• **Goal of the exercise**:
Return, unchanged, every line starting at the one with "WELLFOR TDJ10051GR Canopies-Sl - View #3" and running through the last line of the material below, with nothing else added.

• **Provided material**:
#####
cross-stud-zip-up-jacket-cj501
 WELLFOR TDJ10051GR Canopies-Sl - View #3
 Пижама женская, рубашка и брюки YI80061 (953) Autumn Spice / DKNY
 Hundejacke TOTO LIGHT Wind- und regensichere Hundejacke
#####
• **Answer for this exercise**:
 WELLFOR TDJ10051GR Canopies-Sl - View #3
 Пижама женская, рубашка и брюки YI80061 (953) Autumn Spice / DKNY
 Hundejacke TOTO LIGHT Wind- und regensichere Hundejacke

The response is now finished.